**What you need to do:** Would you please output all the records exactly as given? Pictures should not appear in the copy.

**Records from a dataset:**
***

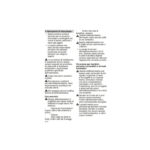 Lavavajillas libre instalación 45 cm - BEKO DVS05024X, 10,0 servicios, 5 programas, 45 cm, Not available - Imagen 4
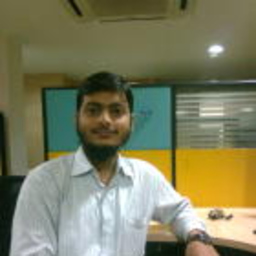 Taher Ali's profile picture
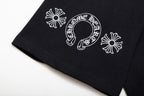 Chrome Hearts New T-shirts 6025 — view 18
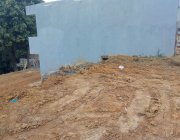 17ª CASA EM JARDIM CAMPO GRANDE- CARIACICA -ES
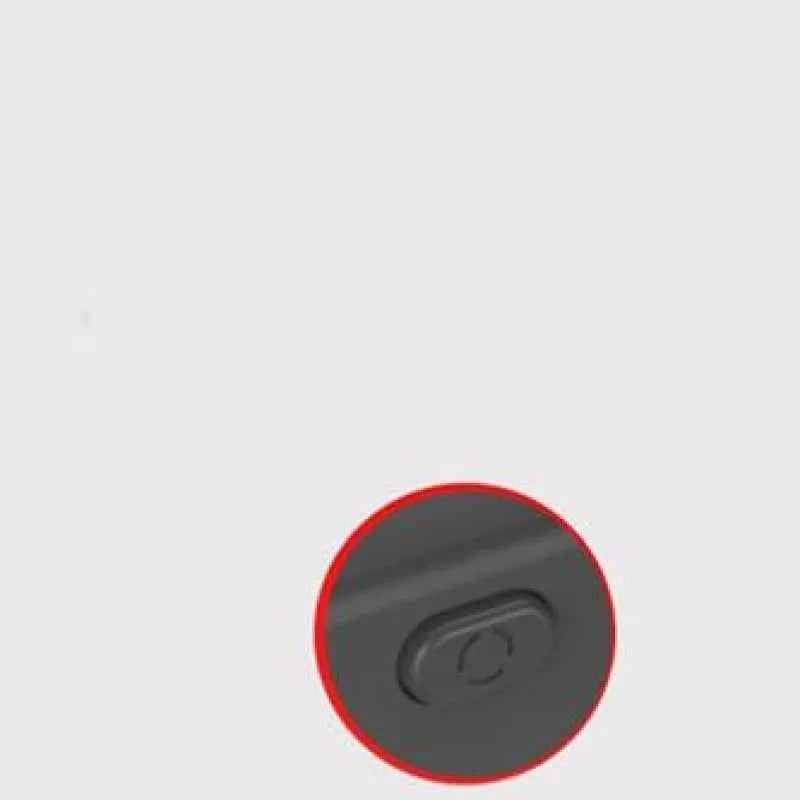 Undetectable Mouse Mover Jiggler 4 Modes Mouse Wiggler with Adjustable Interval Timer ON/Off Switch RGB Lights Keeps PC Active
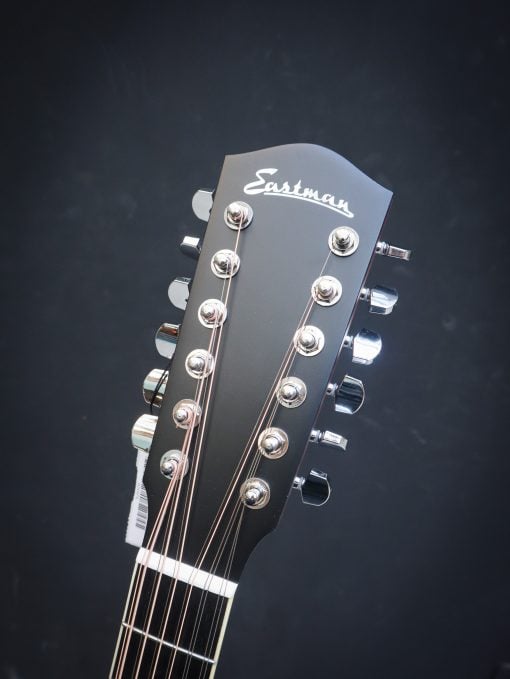 Eastman AC330E-12-SB - Afbeelding 13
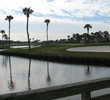 Ponte Vedra Inn and Club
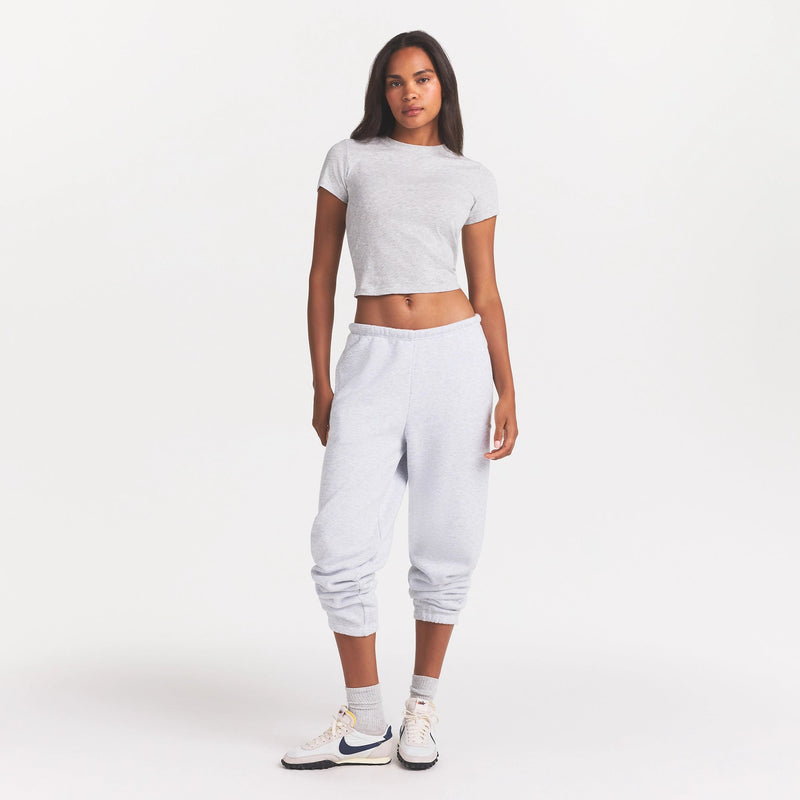 Pantaloni jogger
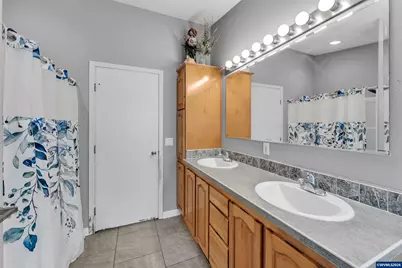 1514 Granite St, Woodburn, OR 97071 - Photo 22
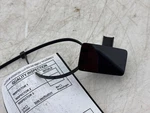 2020-2024 Audi A4 Front Left Mirror Lane Change Warning Indicator Oem. Fixed Price $87.89.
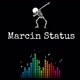 Marcin Status
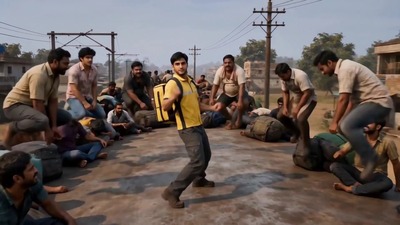 gta-india16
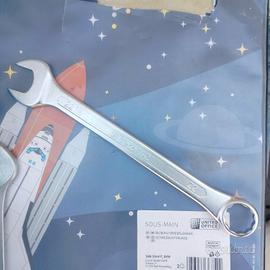 Chiave inglese Beta 22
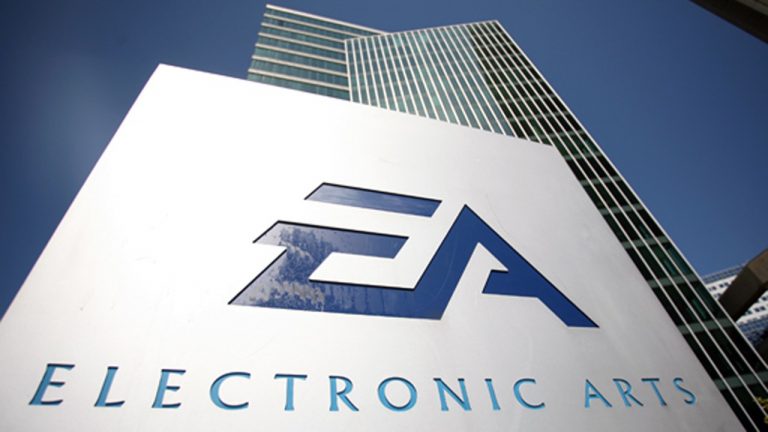 Electronic Arts Inc (NASDAQ:EA) And Coca-Cola Co (NYSE:KO) Conspire To Come Up With A 15-Hour Brand Experience For Gamers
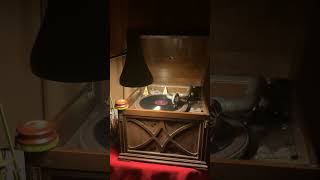 My Own ……… By ……… Geraldo &amp; His orchestra. (Vocal Al Bowlly)  1939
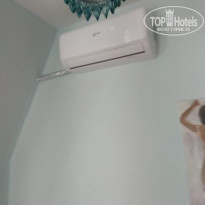 фото из отзыва ID 2032143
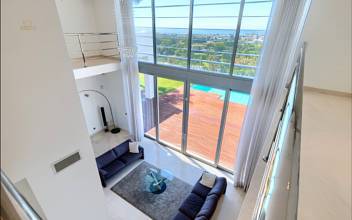 Thumbnail von Los Flamingos Villa ES126340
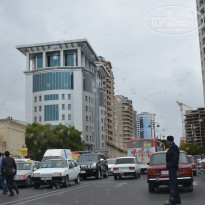 фото из отзыва ID 2707946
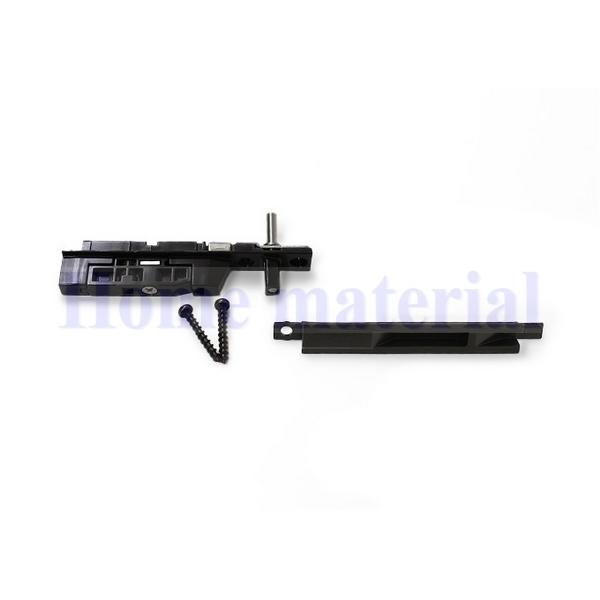 ■送料無料 ダイケン 室内ドア 引戸 引戸用 ラクラクローズ作動ピンユニット 中用 品番：PQHDKB026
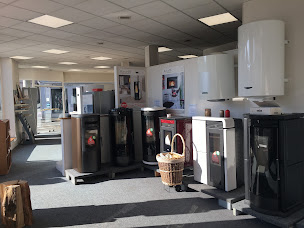 Photo n°15 de GRANDSIRE ET FILS à Aumale (Plombier)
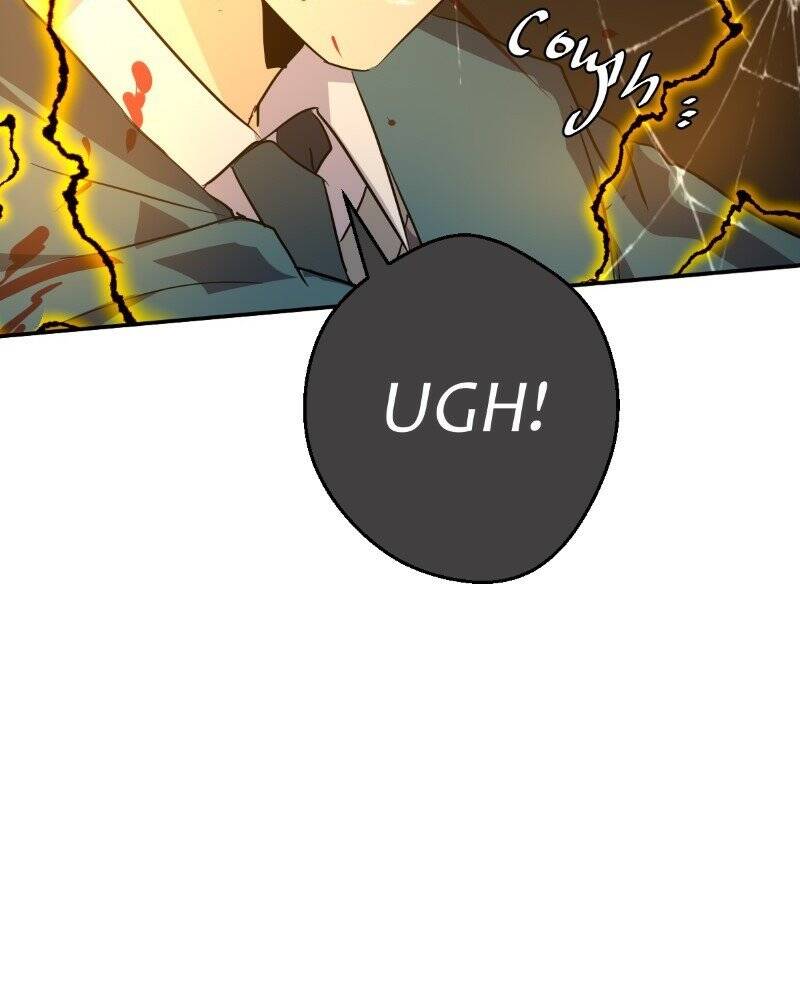 Thế Giới Không Hoàn Hảo Chapter 223.5 - 21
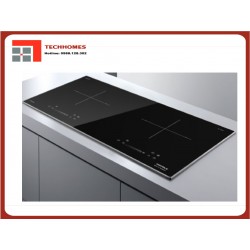 BẾP TỪ 2 VÙNG NẤU HC-I7326B, 533.09.989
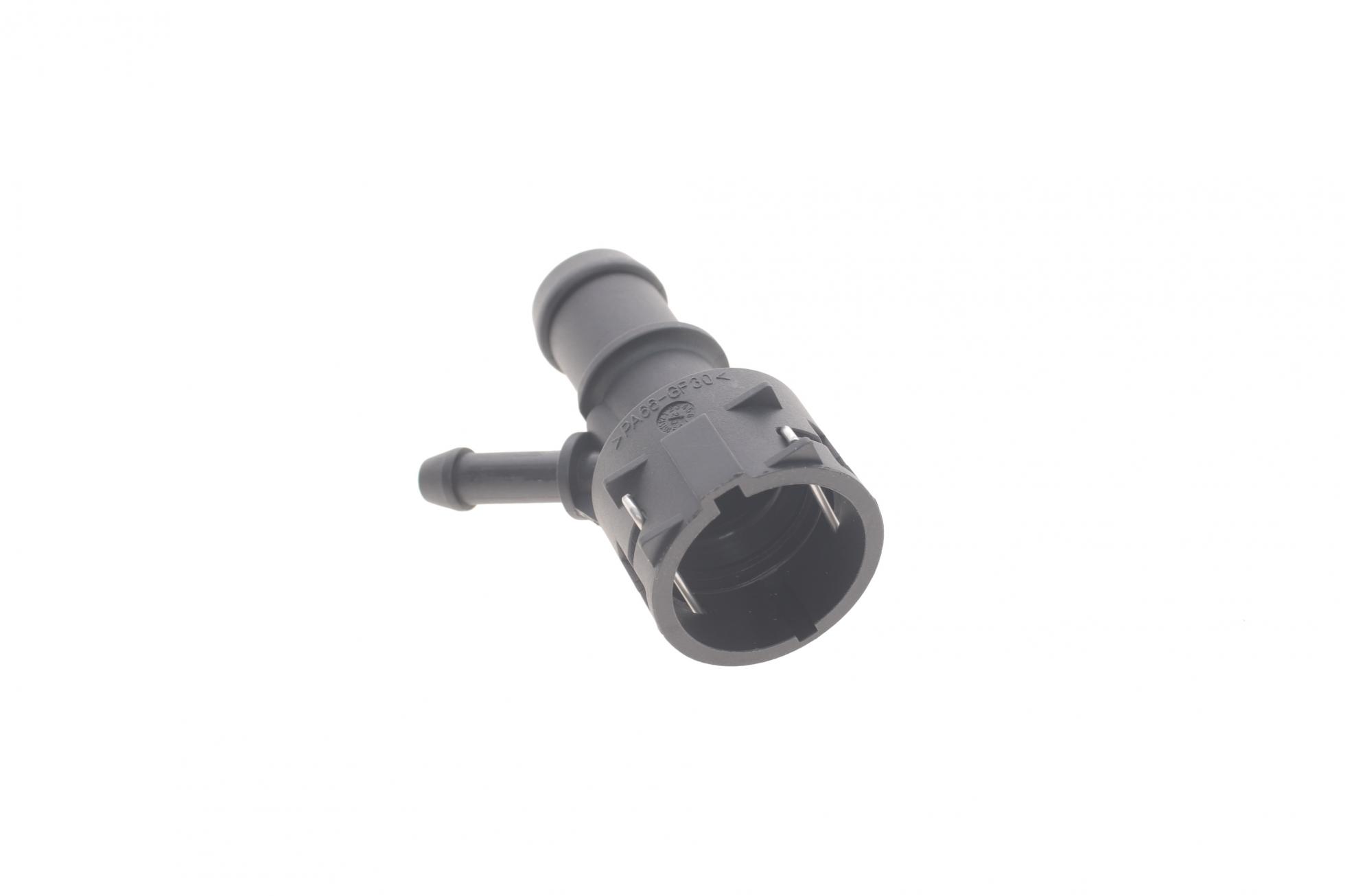 CH7016 MOTORAD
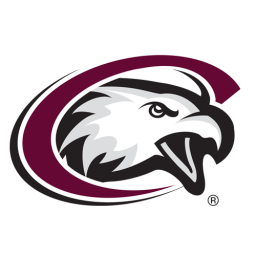 Chadron State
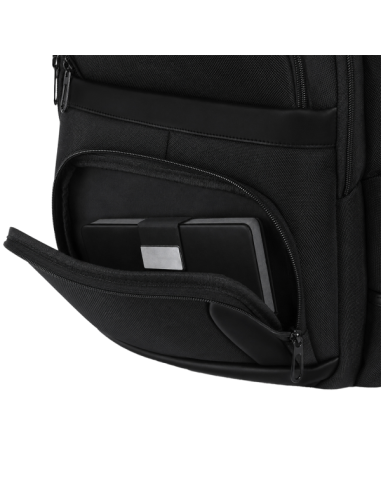 Mochilas personalizadas en Valencia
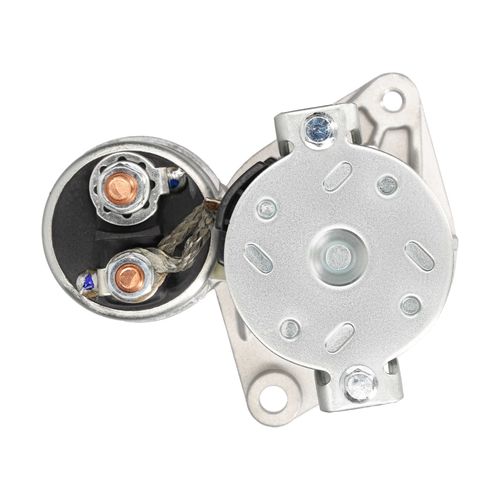 Productbeeld voor Startmotor / Starter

***

**Solution below:**
 Lavavajillas libre instalación 45 cm - BEKO DVS05024X, 10,0 servicios, 5 programas, 45 cm, Not available - Imagen 4
 Taher Ali's profile picture
 Chrome Hearts New T-shirts 6025 — view 18
 17ª CASA EM JARDIM CAMPO GRANDE- CARIACICA -ES
 Undetectable Mouse Mover Jiggler 4 Modes Mouse Wiggler with Adjustable Interval Timer ON/Off Switch RGB Lights Keeps PC Active
 Eastman AC330E-12-SB - Afbeelding 13
 Ponte Vedra Inn and Club
 Pantaloni jogger
 1514 Granite St, Woodburn, OR 97071 - Photo 22
 2020-2024 Audi A4 Front Left Mirror Lane Change Warning Indicator Oem. Fixed Price $87.89.
 Marcin Status
 gta-india16
 Chiave inglese Beta 22
 Electronic Arts Inc (NASDAQ:EA) And Coca-Cola Co (NYSE:KO) Conspire To Come Up With A 15-Hour Brand Experience For Gamers
 My Own ……… By ……… Geraldo &amp; His orchestra. (Vocal Al Bowlly)  1939
 фото из отзыва ID 2032143
 Thumbnail von Los Flamingos Villa ES126340
 фото из отзыва ID 2707946
 ■送料無料 ダイケン 室内ドア 引戸 引戸用 ラクラクローズ作動ピンユニット 中用 品番：PQHDKB026
 Photo n°15 de GRANDSIRE ET FILS à Aumale (Plombier)
 Thế Giới Không Hoàn Hảo Chapter 223.5 - 21
 BẾP TỪ 2 VÙNG NẤU HC-I7326B, 533.09.989
 CH7016 MOTORAD
 Chadron State
 Mochilas personalizadas en Valencia
 Productbeeld voor Startmotor / Starter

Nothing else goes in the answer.